Problem description: Please restate word for word the lines from the top of the entries through the line that contains "外贸原单Lio*ness复古水洗口袋工装宽松阔腿直筒显瘦牛仔裤 2318", and do not include any pictures.

= = =

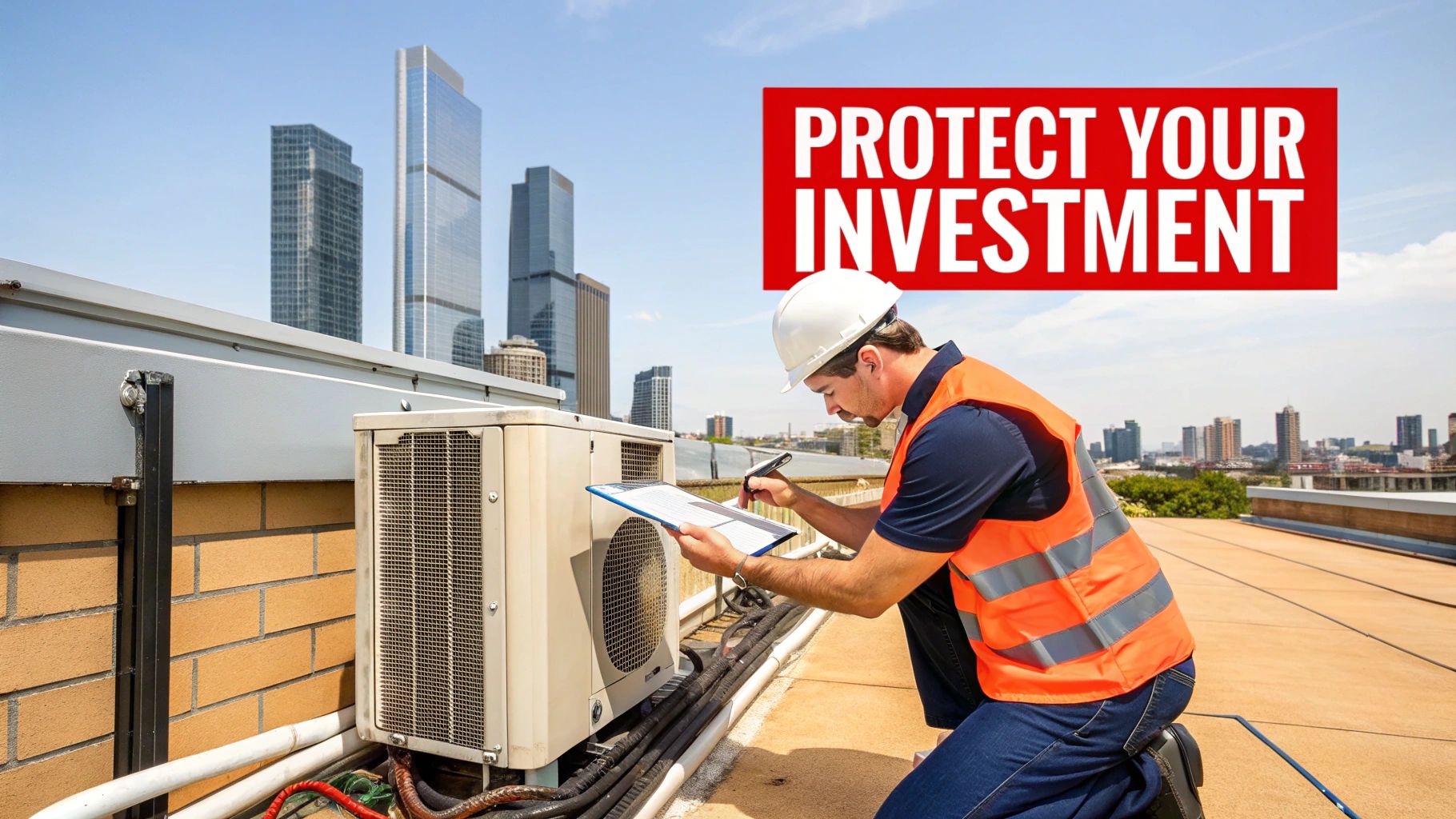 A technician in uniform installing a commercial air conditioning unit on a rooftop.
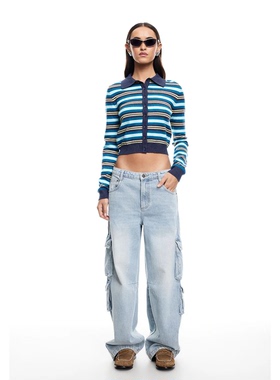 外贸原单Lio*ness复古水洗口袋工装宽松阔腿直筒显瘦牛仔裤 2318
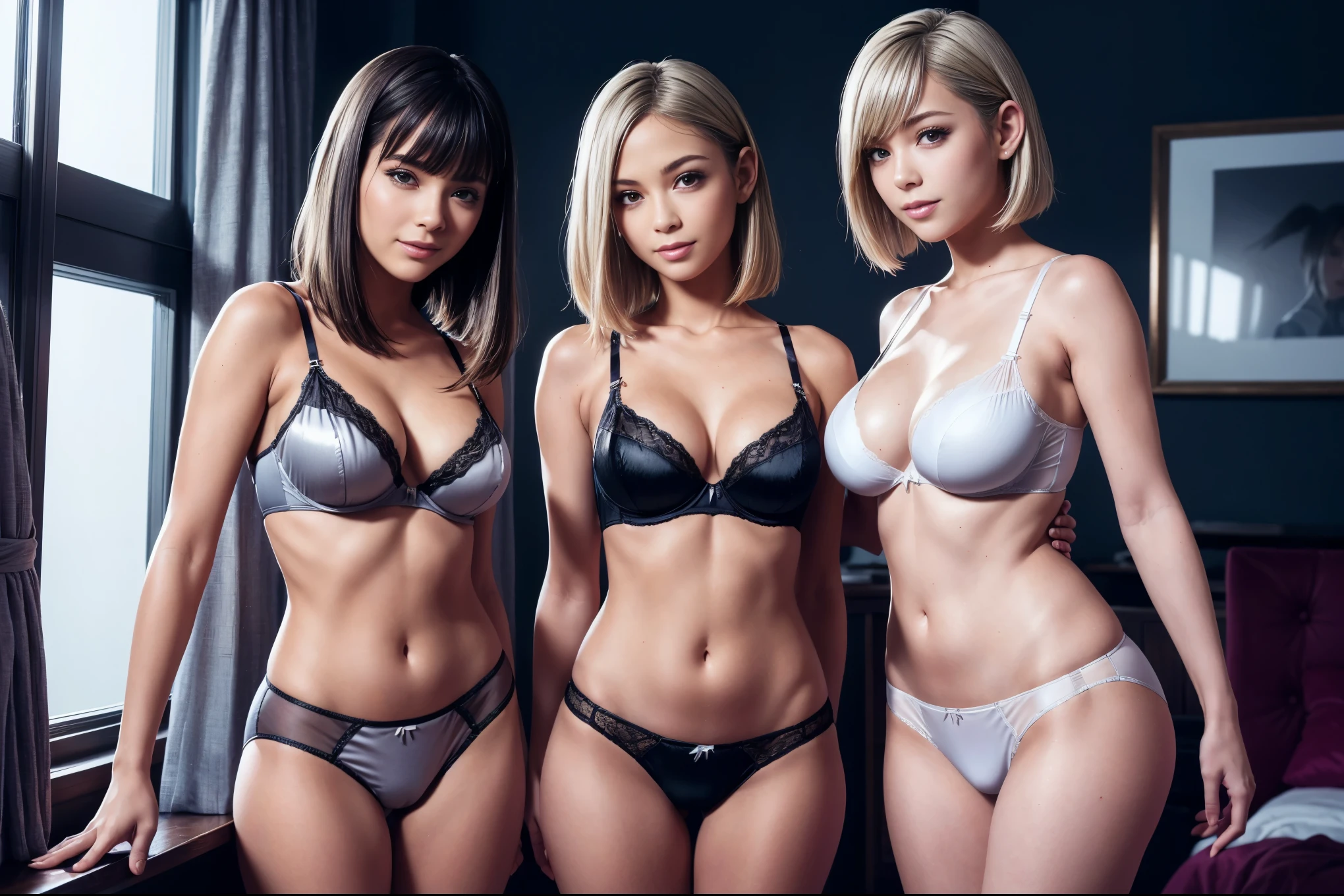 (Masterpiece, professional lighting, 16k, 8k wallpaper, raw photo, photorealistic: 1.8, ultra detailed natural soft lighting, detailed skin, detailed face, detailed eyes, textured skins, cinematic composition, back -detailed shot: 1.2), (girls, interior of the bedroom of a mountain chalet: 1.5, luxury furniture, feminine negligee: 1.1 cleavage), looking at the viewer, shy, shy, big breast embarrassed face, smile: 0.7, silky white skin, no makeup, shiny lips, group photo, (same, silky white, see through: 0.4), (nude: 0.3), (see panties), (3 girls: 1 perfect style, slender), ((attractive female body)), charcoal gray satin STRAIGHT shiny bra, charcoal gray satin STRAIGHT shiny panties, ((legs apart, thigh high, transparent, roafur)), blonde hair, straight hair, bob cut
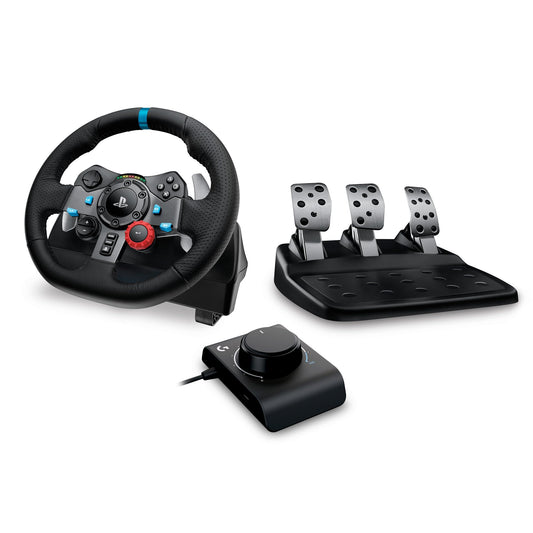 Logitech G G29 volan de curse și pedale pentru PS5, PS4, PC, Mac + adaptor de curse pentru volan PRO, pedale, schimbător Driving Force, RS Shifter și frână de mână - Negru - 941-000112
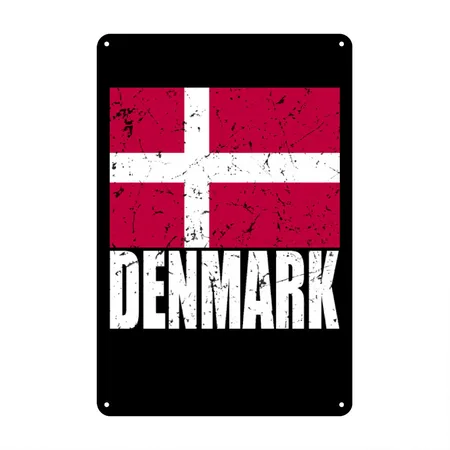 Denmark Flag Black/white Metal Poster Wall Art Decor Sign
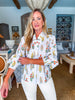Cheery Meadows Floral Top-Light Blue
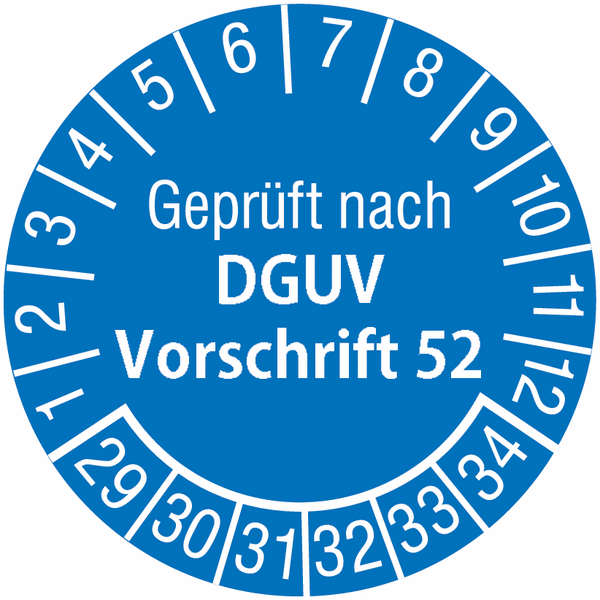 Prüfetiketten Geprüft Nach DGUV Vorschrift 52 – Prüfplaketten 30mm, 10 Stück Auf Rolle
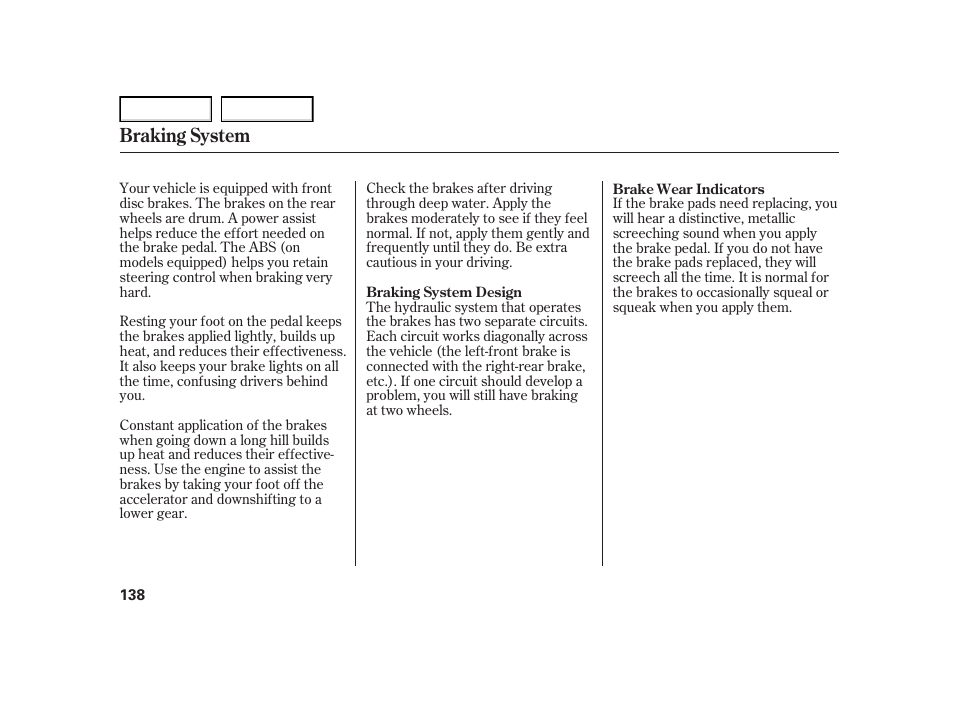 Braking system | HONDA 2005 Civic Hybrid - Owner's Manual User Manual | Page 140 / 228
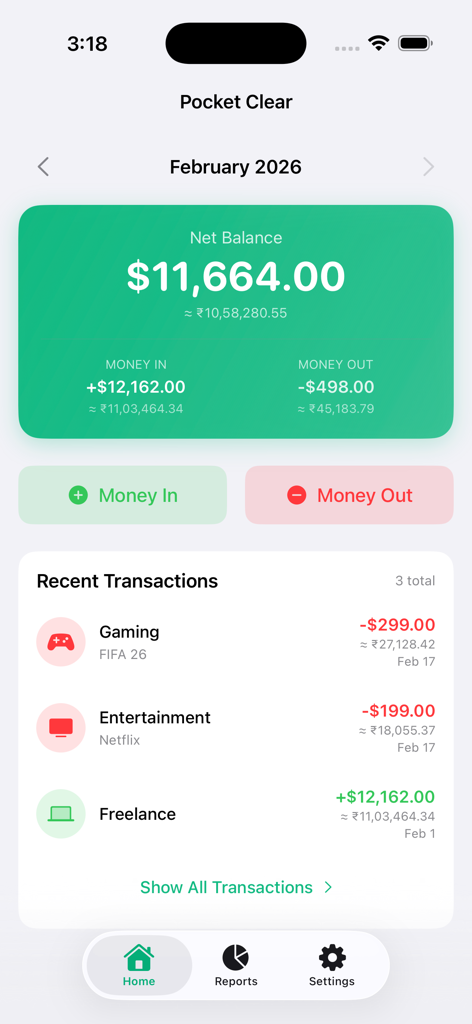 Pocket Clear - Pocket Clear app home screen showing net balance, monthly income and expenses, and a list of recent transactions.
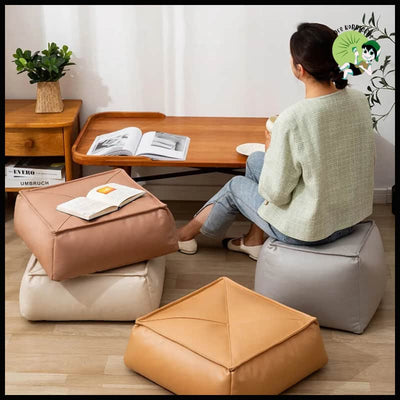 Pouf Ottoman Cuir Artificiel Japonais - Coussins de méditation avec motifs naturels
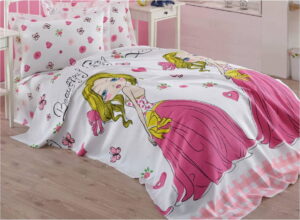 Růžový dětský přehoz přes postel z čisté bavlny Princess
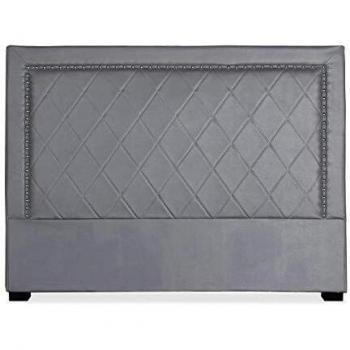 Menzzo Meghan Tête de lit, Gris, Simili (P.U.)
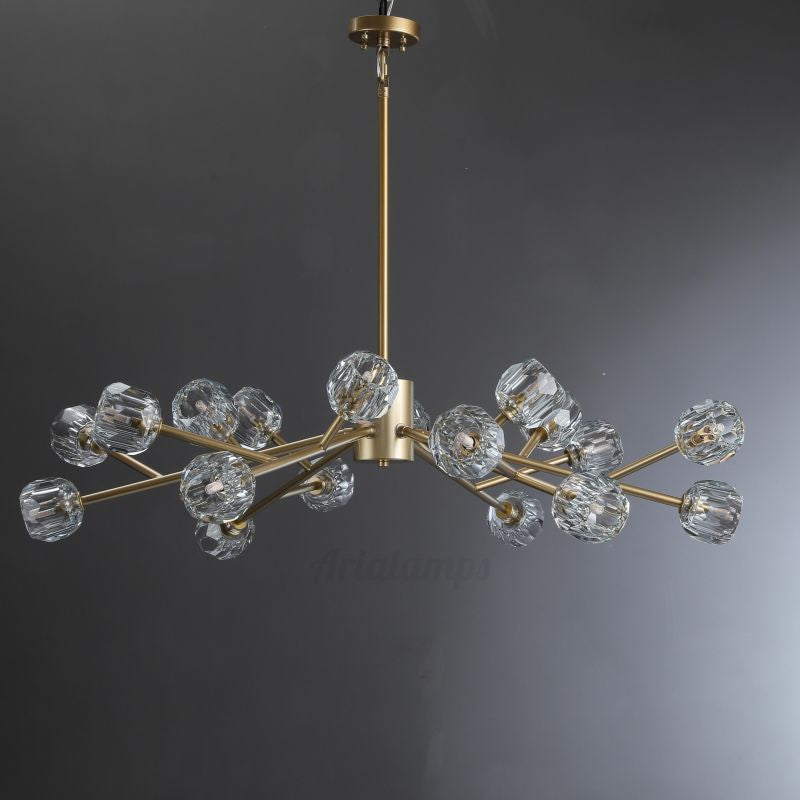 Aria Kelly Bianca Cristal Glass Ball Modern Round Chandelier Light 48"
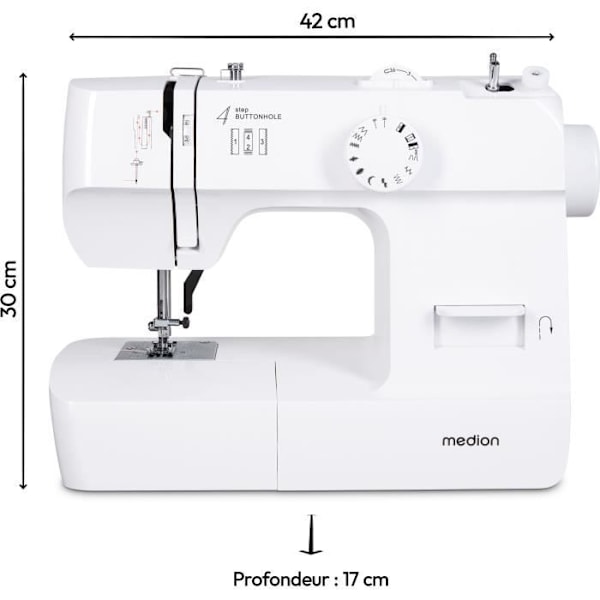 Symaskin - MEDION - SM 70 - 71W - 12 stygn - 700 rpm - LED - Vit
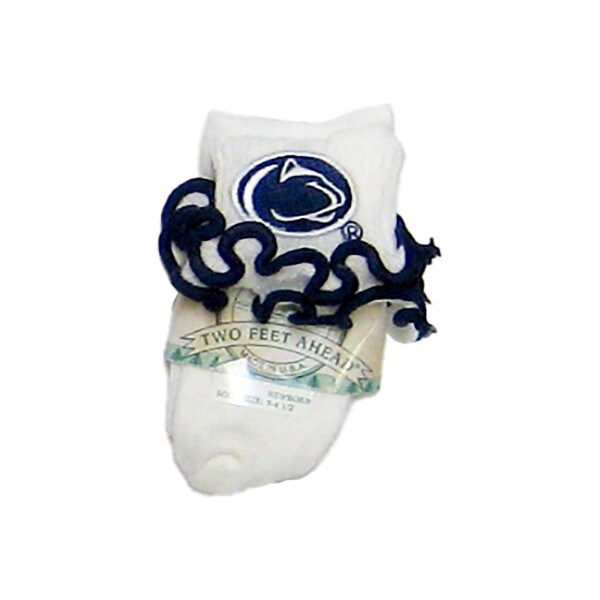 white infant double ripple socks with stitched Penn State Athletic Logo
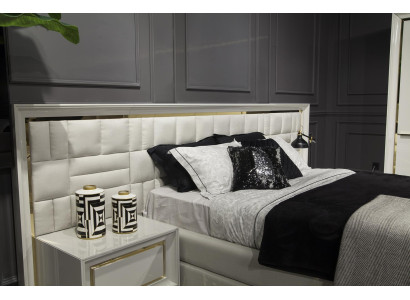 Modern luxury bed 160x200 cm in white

= = =

Your response:
 A technician in uniform installing a commercial air conditioning unit on a rooftop.
 外贸原单Lio*ness复古水洗口袋工装宽松阔腿直筒显瘦牛仔裤 2318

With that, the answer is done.